Liga NHL – awans Blackhawks do play-off, pozostało już tylko jedno wolne miejsce
- 08/08/2020 12:30 PM
Hokeiści Chicago Blackhawks pokonali w Edmonton miejscowych Oilers 3:2 i wygrywając serię 3:1, zapewnili sobie awans do pierwszej rundy play-off Konferencji Zachodniej hokejowej ligi NHL. Obok nich w piątek na "Zachodzie" awansowali także Arizona Coyotes i Vancouver Canucks. Z kolei Montreal Canadiens i New York Islanders uzyskali awans w Konferencji Wschodniej.

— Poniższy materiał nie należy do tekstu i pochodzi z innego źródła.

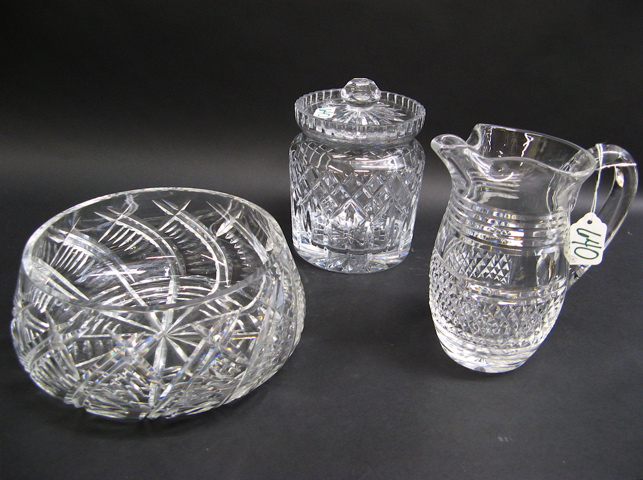 Appraisal: GROUP OF THREE IRISH WATERFORD CUT CRYSTAL including a covered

W rywalizacji do trzech zwycięstw w fazie kwalifikacyjnej wszystkie wymienione drużyny triumfowały po 3-1.
W potyczce Blackhawks z Oilers zespół z Edmonton z pierwszego trafienia cieszył się po 45 sekundach za sprawą Josha Archibalda. Po ośmiu minutach po strzałach Brandona Saada i Matthew Highmore'a "Nafciarze" przegrywali 1:2. Jednak na początku drugiej tercji Ryan Nugent-Hopkins wyrównał. Trzeciego gola dla Chicago na wagę awansu zdobył Czech Dominik Kubalik.

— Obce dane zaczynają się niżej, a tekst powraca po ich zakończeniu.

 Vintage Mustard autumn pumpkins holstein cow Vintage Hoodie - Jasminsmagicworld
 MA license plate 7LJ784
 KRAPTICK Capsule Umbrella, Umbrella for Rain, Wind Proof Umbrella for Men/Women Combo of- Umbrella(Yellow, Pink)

Niewiele brakowało, aby w piątek skompletowani zostali ćwierćfinaliści konferencji. Na Wschodzie Columbus Blue Jackets prowadzili w serii 2-1 z Toronto Maple Leafs, zaś w czwartym meczu wygrywali 3:0 do... 56. minuty.

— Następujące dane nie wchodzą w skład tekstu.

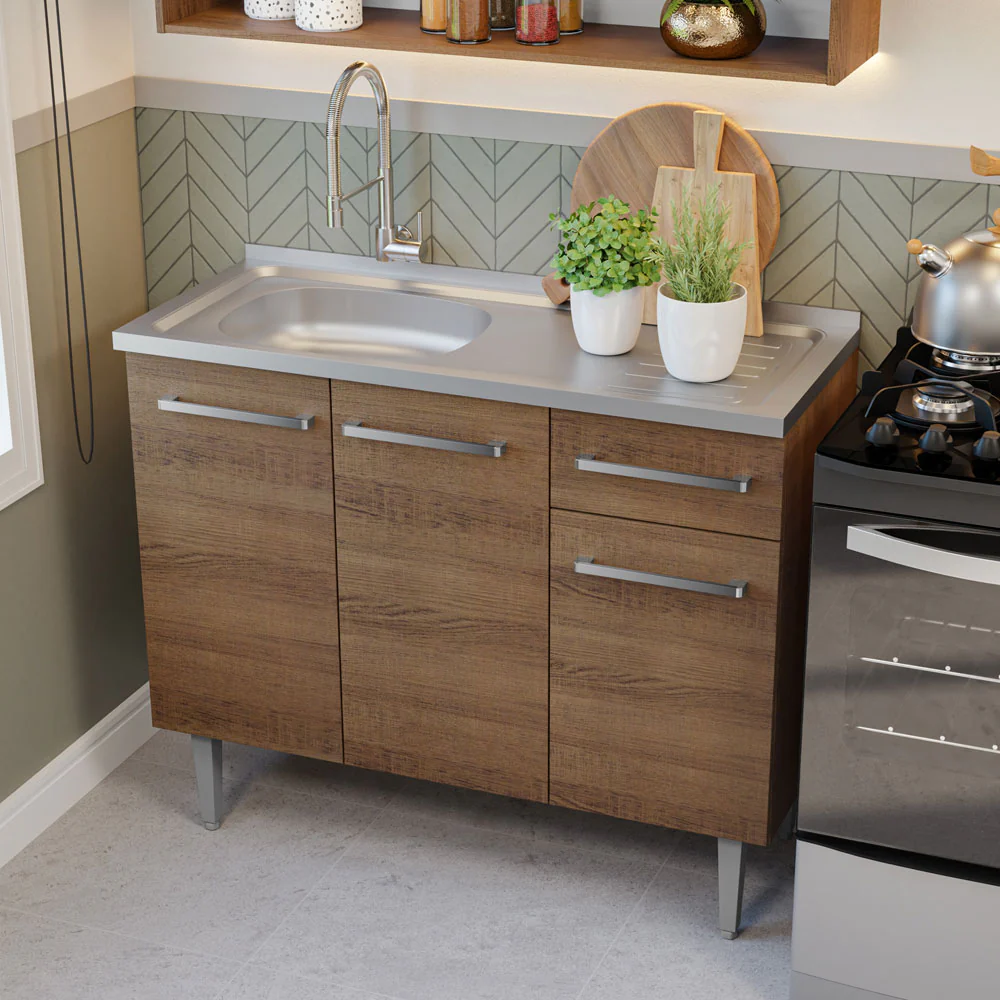 Cocina Compacta con Bacha 165 cm Emilly Marrón/Gris 09 - Image 9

Wtedy wydarzyło się coś niemożliwego... W zaledwie 51 sekund kanadyjski zespół strzelił dwa gole (William Nylander i John Tavares) i na trzy minuty przed końcem było już tylko 3:2 dla Blue Jackets. Rozpędzeni rywale dopięli swego 23 s przed końcową syreną wyrównał Zach Hyman, zaś w 14. minucie dogrywki o sukcesie Maple Leafs przesądził Auston Matthews.
W tej sytuacji potrzebne będzie piąte spotkanie, by wyłonić ostatniego uczestnika 1/4 finału Konferencji Wschodniej.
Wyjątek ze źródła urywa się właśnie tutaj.